__What you are asked to do__. Starting at the line with "Pregnant woman in" and ending at the line with "Rühren Sie gebratenes", print exactly the lines of the entries below. Pictures do not belong in the copy.

__Given information__.
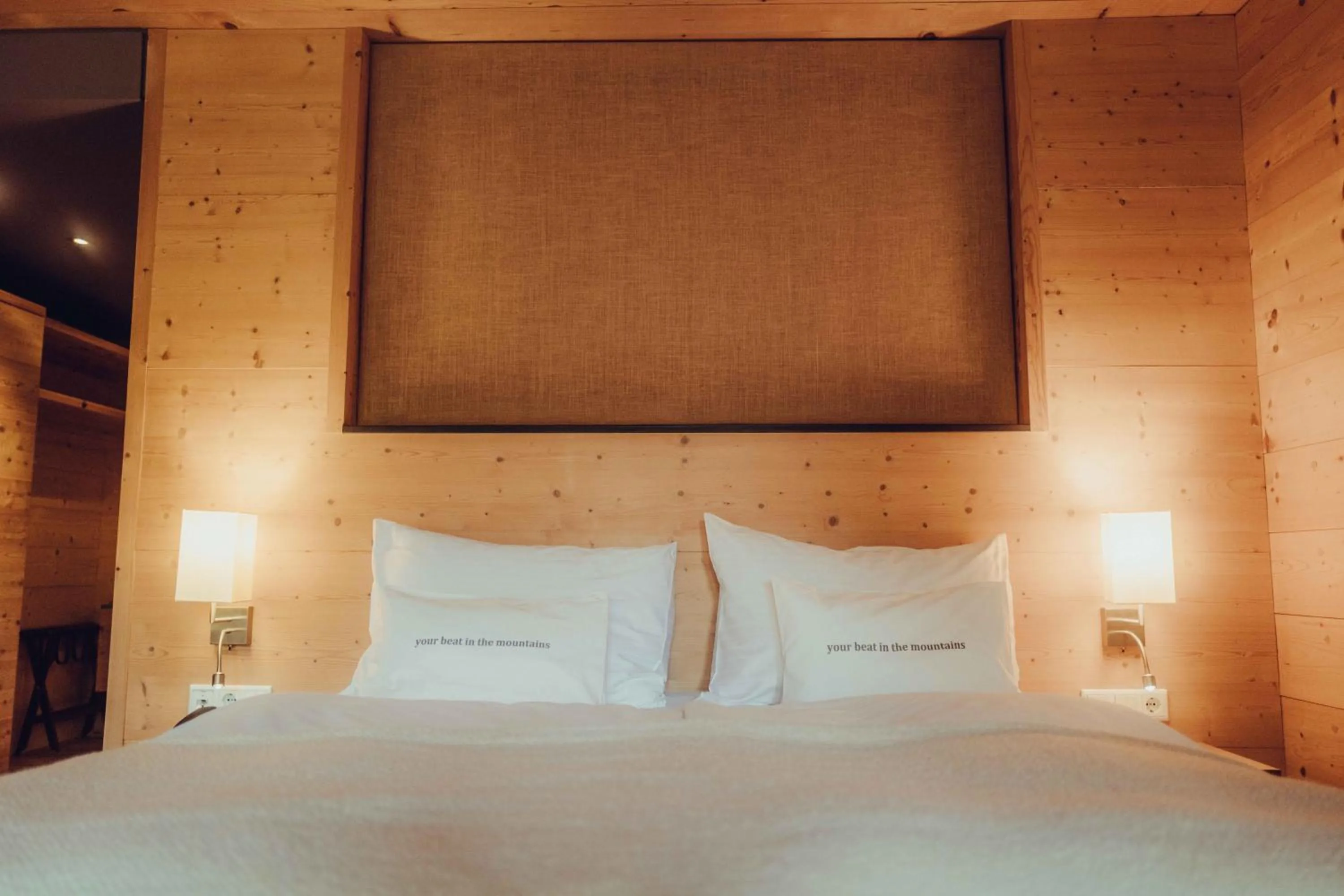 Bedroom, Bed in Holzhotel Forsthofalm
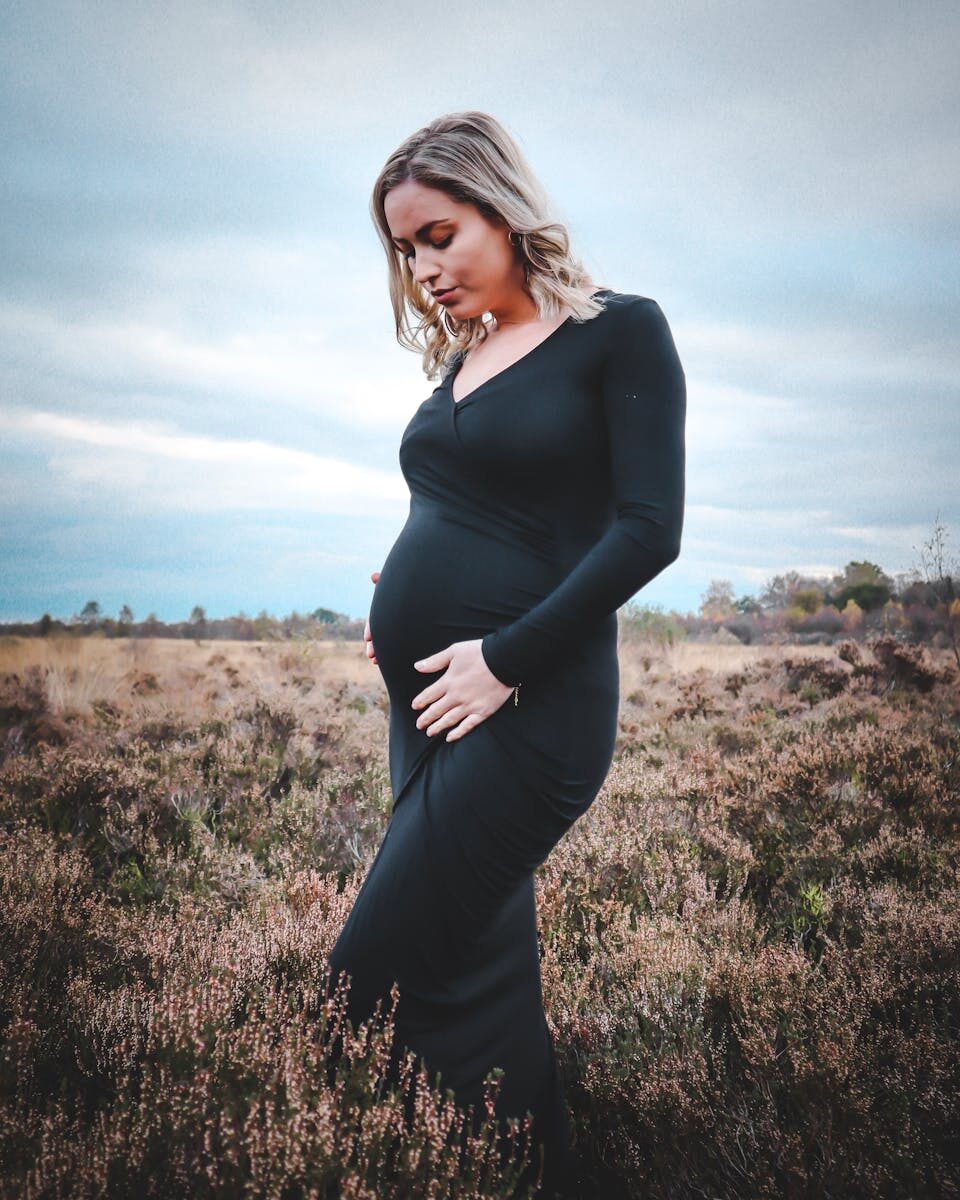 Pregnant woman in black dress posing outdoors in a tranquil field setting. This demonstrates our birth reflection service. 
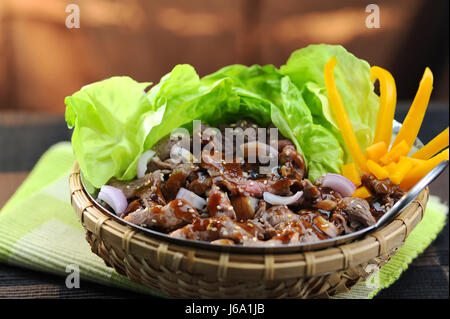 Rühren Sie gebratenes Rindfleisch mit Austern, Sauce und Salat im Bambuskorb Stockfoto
==
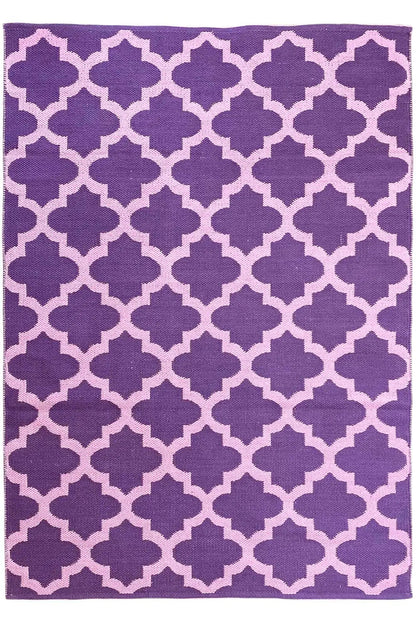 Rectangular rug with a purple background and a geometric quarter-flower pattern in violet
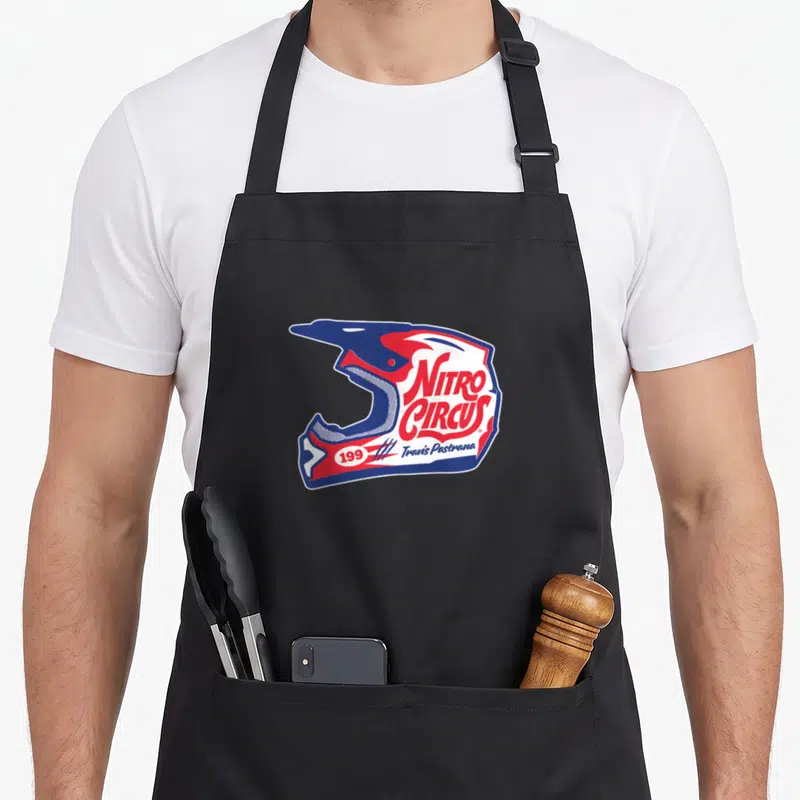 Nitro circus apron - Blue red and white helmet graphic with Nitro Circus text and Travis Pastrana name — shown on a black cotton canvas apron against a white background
==
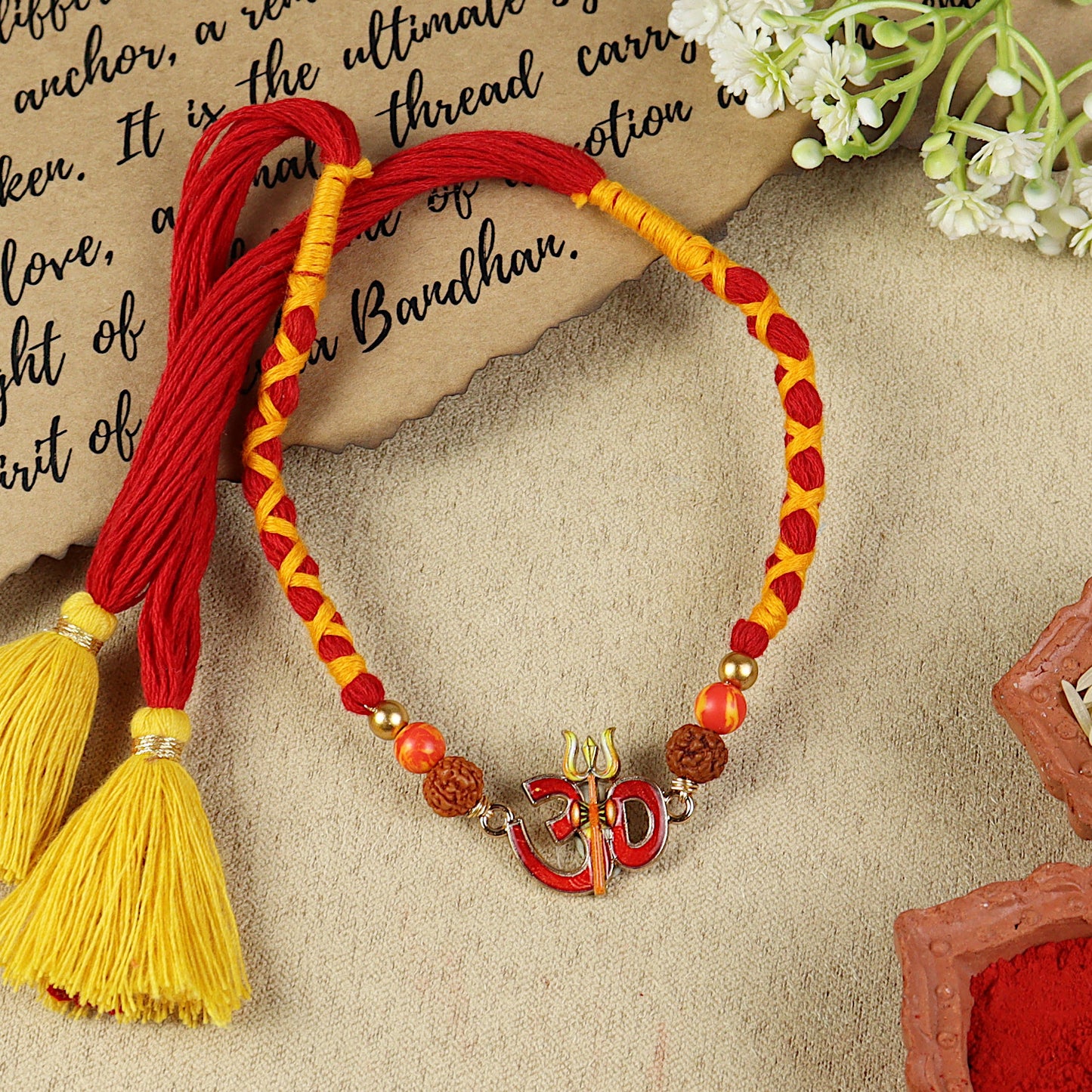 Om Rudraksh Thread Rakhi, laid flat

__Solution for this problem__.
 Pregnant woman in black dress posing outdoors in a tranquil field setting. This demonstrates our birth reflection service. 
 Rühren Sie gebratenes Rindfleisch mit Austern, Sauce und Salat im Bambuskorb Stockfoto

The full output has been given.